Given that much of the hype surrounding Axiom was that it could creatively marry providing individual lawyers with services closer to those of institutional providers, there is some scepticism over the move.
With Axiom tight-lipped, several clients contacted by The In-House Lawyer felt that Axiom’s newer divisions were failing to match expectations or even to work together effectively.
‘A lot of the newer parts of the business outside of personnel provision weren’t helping us much anyway,’ says one UK general counsel of a large client that has instructed Axiom. ‘Allen & Overy and other law firms, for example, offer similar capabilities [that are] cheaper.’
Though the float had been long expected, the three-way split was not previously flagged. According to one former Axiom staffer, the current model is not how the IPO was discussed in years gone by. Given that such IPOs tend to favour growth and businesses using technology to drive innovation, the move has been met with surprise by financial professionals.
‘One thing people want when you go to market is differentiation,’ says Peel Hunt head of IPO origination Indy Bhattacharyya. ‘If you have an interesting tech dynamic or something resembling a platform like Keystone, then you have a particular angle that is very helpful.’
For comparison, Keystone has seen a rise in its share price, which towards the end of last year rocketed to more than 400p from 191p at the time of the IPO. Another of Axiom’s competitors, Elevate, is itself eyeing up an IPO for 2021.
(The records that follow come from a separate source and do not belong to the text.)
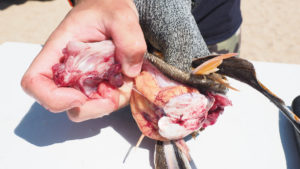 2018 8 Searobbins Trash Fish No More Fillet5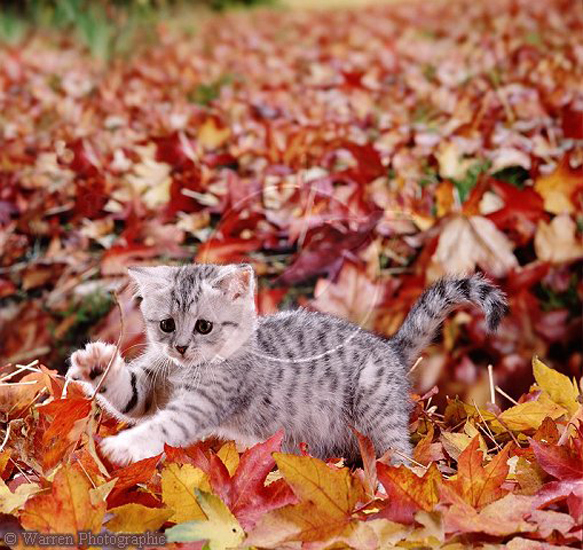 jelly cat autumn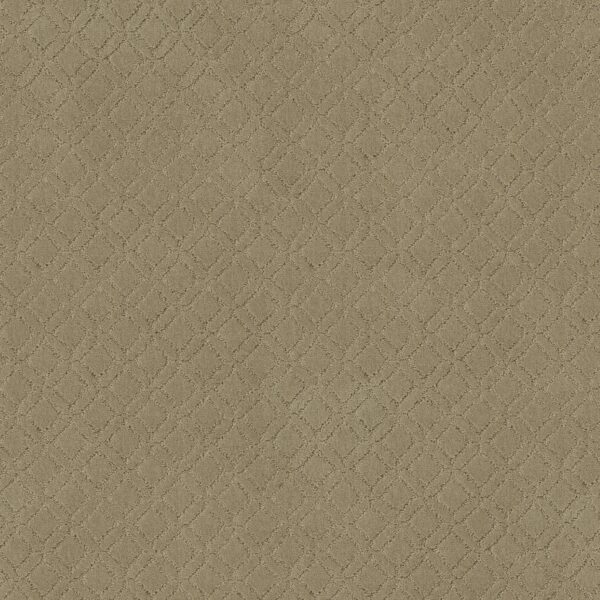 Anderson Tuftex Carpet Muse Folklore 00123_ZZ078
Elevate says it plans to maintain its current business structure, which combines multiple service lines. ‘We absolutely see the value in combining all parts of our business into one place,’ says Elevate president John Croft. ‘When someone comes to us we have it all there.’
However, there are murmurings that Axiom’s managed services side of the business was becoming a hindrance to a potential IPO. Says one partner at a UK private equity house that has invested in the legal sector: ‘The managed legal services side was at best flat, [Axiom] probably felt it was detrimental to going to market. Either they know something none of us know and there’s a reason, or there are skeletons in the cupboard.’
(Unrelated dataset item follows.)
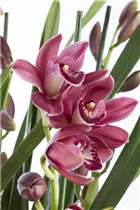 Cymbidium - Kahnlippe Cymbidium - Kahnlippe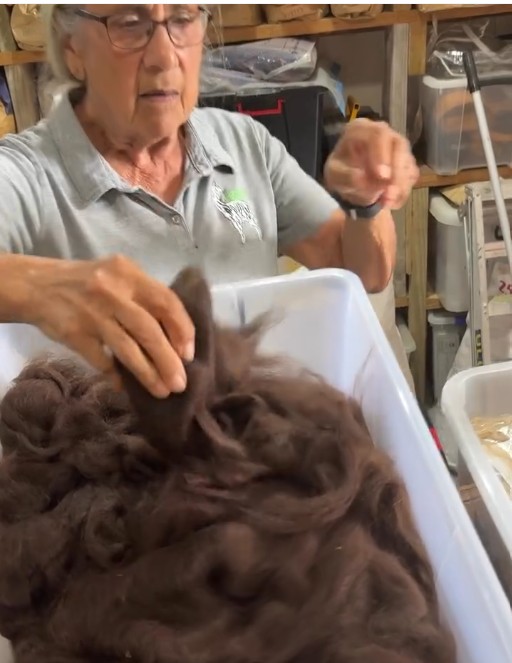 Cleaned Alpaca Hair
Detractors argue that as just a flexible lawyering arm Axiom will struggle to stand out or evolve its operation. Another GC of an Axiom client shared the commonly-held concern: ‘There’s a lot of lawyering services and not much differentiation, but there’s [fewer] managed services businesses. My criticism of the New Law providers is sometimes they try to be a little bit of everything to everyone.’
Another challenge is Axiom’s cost compared to its competitors. Axiom historically had a reputation for high quality but also high costs and three clients cited Axiom raising prices in recent months in what they interpret as pre-float positioning.
Nevertheless, as things stand, Axiom has a strong global five-year growth track. Between 2013 and 2017 UK revenues rose 73% from £28.25m to £48.9m. Firm-wide, Axiom generated $360m in its last disclosed year of results. If Axiom can craft a strong narrative to investors, the focus will be on if it can secure a unicorn-level valuation, in excess of $1bn, a benchmark that will turn on its growth and underlying profitability, which is difficult to ascertain from its disclosures.
‘It’ll be a material fundraising,’ says Arden Partners’ John Llewellyn-Lloyd, an adviser on legal IPOs. ‘It will exceed the private equity investments of their competitors.’
With peers like Lawyers On Demand gaining private equity backing last May from Bowmark Capital and alternative legal services currently achieving unprecedented levels of outside investment, Axiom’s float will certainly be a key chapter for the sector. Yet the feeling is growing that the IPO will also be the moment to discover if Axiom will remain the standard bearer for New Law or itself be disrupted.